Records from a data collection
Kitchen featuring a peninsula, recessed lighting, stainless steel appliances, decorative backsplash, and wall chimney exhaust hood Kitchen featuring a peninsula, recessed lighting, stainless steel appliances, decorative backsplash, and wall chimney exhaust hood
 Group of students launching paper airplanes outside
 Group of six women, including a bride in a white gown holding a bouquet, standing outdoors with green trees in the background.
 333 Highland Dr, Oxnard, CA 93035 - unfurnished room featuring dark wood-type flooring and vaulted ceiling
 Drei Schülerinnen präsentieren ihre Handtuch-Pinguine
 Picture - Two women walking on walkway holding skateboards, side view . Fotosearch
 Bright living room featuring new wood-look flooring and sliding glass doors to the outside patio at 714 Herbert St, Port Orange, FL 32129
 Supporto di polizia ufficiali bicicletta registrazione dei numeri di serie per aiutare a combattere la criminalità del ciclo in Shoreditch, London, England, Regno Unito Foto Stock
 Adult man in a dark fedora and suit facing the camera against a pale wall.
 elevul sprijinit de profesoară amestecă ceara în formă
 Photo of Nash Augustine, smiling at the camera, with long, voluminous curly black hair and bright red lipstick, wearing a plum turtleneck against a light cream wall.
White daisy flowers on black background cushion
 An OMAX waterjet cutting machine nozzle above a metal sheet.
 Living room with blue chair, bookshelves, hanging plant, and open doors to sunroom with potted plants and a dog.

#### [Exercise details]
When a line of the records includes "against", that line belongs in the answer.

#### [Response for this exercise]
 Adult man in a dark fedora and suit facing the camera against a pale wall.
 Photo of Nash Augustine, smiling at the camera, with long, voluminous curly black hair and bright red lipstick, wearing a plum turtleneck against a light cream wall.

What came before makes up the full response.